* _Records for this task_
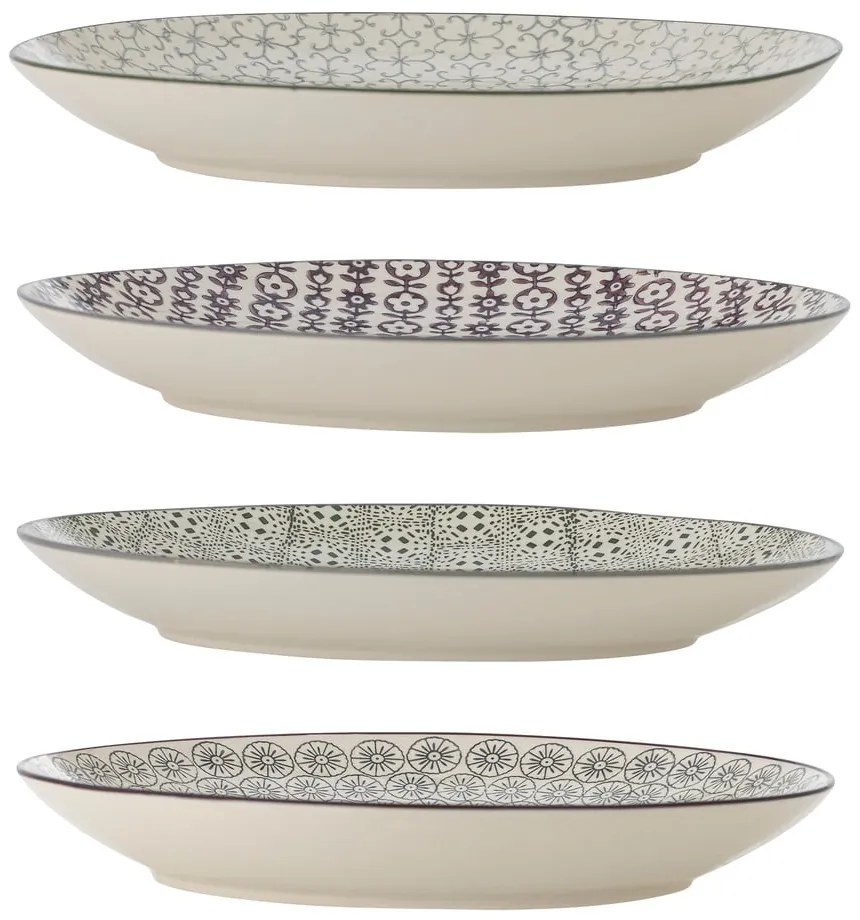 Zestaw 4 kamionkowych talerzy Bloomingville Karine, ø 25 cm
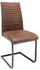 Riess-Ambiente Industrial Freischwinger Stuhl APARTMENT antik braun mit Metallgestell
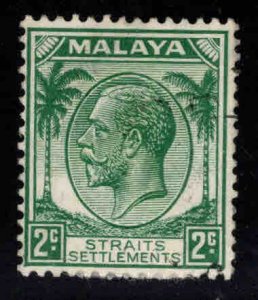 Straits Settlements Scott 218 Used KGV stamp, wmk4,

* * *

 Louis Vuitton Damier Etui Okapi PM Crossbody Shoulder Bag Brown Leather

* _Exercise_
Above, find the line with "Riess-Ambiente Industrial Freischwinger"; copy it and every line down to the line with "Straits Settlements Scott", exactly and both included, but no pictures.

* _Task solution_
 Riess-Ambiente Industrial Freischwinger Stuhl APARTMENT antik braun mit Metallgestell
 Straits Settlements Scott 218 Used KGV stamp, wmk4,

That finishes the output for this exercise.